Ségolène Royal interdit la construction de l’A831

Ségolène Royal, ministre de l’écologie, vient d’apposer son véto pour la construction de l’autoroute A381 qui devaient relier les départements de la Vendée et de la Charente Maritimes.

Pourquoi Ségolène Royal s’oppose à l’autoroute A381 ?

La raison invoquée par la ministre de l’écologie c’est la traversée du Marais Poitevin (zone naturelle protégée) par le tracé de l’autoroute A381. Face à l’indignation des élus locaux, Ségolène Royal a déclaré “Ils peuvent manifester, je ne donnerais pas le feu vert”.

Une position qui ferme la porte à toute sorte de négociation et qui a déclenché la colère de nombreux élus.

Une décision qui uni les élus de gauche et de droite contre la ministre

Ce refus a pour conséquence de soulever une vague de protestation soutenue par les élus de droite et de gauche.
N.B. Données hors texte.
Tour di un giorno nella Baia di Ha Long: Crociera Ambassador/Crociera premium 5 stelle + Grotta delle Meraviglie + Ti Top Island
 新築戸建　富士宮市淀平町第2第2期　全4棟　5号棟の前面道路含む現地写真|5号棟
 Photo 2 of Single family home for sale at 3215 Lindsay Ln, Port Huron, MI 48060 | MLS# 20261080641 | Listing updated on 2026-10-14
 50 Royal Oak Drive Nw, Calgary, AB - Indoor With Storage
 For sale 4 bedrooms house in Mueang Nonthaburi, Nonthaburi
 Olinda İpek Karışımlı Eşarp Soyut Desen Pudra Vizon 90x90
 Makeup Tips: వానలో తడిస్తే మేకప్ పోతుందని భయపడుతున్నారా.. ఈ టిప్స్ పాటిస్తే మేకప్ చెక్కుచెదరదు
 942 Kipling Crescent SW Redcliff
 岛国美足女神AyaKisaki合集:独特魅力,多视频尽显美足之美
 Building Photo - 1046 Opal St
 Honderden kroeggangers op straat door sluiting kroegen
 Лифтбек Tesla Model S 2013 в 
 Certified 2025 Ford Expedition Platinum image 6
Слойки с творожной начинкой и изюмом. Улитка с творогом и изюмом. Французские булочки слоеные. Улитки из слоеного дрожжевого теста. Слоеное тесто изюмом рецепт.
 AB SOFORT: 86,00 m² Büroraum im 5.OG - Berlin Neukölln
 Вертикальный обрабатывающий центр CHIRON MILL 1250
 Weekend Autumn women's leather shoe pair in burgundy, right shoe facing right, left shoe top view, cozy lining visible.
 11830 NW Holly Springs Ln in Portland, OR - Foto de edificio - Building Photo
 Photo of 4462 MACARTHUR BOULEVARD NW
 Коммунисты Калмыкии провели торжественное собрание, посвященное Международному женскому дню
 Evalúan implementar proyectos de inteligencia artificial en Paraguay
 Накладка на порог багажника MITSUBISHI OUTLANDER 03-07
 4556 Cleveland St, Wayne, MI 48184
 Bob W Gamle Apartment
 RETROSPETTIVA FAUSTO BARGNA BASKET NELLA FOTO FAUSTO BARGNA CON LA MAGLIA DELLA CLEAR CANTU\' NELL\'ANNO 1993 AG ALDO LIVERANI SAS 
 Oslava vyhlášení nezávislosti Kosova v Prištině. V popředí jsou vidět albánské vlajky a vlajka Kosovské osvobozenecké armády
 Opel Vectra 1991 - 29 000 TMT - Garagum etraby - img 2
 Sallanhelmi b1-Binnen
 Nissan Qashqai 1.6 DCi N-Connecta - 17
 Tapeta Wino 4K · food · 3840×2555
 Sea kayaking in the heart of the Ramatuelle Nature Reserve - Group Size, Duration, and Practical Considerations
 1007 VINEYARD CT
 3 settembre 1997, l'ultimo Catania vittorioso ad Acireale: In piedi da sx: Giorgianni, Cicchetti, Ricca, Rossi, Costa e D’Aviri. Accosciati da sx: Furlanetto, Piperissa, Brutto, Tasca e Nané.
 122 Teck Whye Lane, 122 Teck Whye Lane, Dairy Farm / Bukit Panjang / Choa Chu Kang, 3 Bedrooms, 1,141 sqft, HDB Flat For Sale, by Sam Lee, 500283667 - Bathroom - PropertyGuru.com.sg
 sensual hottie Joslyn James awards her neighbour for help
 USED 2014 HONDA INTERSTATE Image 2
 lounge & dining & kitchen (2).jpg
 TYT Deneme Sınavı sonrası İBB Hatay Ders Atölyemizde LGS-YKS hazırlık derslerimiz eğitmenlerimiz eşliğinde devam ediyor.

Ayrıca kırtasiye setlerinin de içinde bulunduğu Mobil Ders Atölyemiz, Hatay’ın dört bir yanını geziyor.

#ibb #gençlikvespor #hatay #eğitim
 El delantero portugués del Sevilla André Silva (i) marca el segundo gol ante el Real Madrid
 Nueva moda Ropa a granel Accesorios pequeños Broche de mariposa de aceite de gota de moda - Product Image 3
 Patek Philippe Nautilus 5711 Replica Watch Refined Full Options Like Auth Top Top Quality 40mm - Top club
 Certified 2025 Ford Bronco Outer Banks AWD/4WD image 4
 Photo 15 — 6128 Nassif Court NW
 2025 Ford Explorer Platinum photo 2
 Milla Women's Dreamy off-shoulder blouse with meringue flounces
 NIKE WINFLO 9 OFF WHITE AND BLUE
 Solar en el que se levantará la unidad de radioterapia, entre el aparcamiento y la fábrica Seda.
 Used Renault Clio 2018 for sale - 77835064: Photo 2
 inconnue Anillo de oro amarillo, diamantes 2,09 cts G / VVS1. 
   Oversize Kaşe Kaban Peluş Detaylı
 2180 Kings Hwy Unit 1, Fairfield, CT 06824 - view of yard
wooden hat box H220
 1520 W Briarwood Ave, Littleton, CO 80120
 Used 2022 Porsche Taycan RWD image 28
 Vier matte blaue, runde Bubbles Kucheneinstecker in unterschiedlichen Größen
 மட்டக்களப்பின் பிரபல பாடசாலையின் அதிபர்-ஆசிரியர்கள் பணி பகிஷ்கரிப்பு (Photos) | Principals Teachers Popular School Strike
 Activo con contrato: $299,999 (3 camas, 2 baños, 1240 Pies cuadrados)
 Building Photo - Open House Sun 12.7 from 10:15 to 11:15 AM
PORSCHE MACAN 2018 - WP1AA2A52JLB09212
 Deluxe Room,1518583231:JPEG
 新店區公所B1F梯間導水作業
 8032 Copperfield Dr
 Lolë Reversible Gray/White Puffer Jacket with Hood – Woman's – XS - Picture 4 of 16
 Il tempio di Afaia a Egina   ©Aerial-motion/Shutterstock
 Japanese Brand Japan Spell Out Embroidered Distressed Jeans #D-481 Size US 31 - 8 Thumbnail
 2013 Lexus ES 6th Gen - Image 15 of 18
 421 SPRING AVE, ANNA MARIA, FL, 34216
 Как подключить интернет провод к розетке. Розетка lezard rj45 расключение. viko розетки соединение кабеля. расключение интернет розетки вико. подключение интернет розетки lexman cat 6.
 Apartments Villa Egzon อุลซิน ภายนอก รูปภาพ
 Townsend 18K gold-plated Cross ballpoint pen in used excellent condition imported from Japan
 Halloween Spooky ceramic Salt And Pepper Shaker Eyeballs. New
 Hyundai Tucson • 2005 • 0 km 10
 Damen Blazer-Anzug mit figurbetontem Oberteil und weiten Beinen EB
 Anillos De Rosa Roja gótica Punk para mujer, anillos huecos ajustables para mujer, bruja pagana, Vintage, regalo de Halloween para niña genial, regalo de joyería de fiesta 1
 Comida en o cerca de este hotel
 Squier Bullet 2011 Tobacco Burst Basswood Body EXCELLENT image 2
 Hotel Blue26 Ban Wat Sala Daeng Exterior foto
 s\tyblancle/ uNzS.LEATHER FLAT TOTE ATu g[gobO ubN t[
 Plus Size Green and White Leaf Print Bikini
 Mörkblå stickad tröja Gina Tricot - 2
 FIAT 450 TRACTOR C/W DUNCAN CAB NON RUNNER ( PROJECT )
Une union au delà des partis politiques qui veut lutter pour le maintien du projet d’autoroute décidé par François Fillon en 2011.

Ségolène Royal interdit la construction de l’A831

Le sénateur UMP de Vendrée Bruno Retailleau accuse Ségolène Royal de condamner les Vendéens et Charentais à vivre à l’époque du Moyen Age et déclare dans Ouest France “C’est le caprice de dame Ségolène Royal (…) qui se prend pour Aliénor d’Aquitaine”.

Mais le PS, pourtant proche des idées de la ministre, participe également à la contestation de cette décision en la personne de Jacques Auxiette.

En effet, le Président du Conseil Régional des Pays de la Loire a beau être étiqueté sous le même parti que la ministre, il déclare “ Ce n’est pas parce que l’on est ministre que l’on peut faire deux fois les mêmes erreurs !”.

Les conséquences pour les habitants

Ségolène Royal qui prône un écologisme non “punitif” et ne limitant pas la croissance, va pourtant priver les habitants de la Vendée et de la Charente d’un axe de transport majeur. Cette autoroute A381 était perçue comme un des solutions pour redynamiser le développement économique de cette région. Bruno Retailleau déclare “Nous en avons assez que le gouvernement joue avec nos emplois”.

Une décision qui pourrait s’avérer périlleuse pour la carrière politique de Ségolène Royal, l’entente des élus locaux et le développement de la croissance et de l’emploi pour les habitants.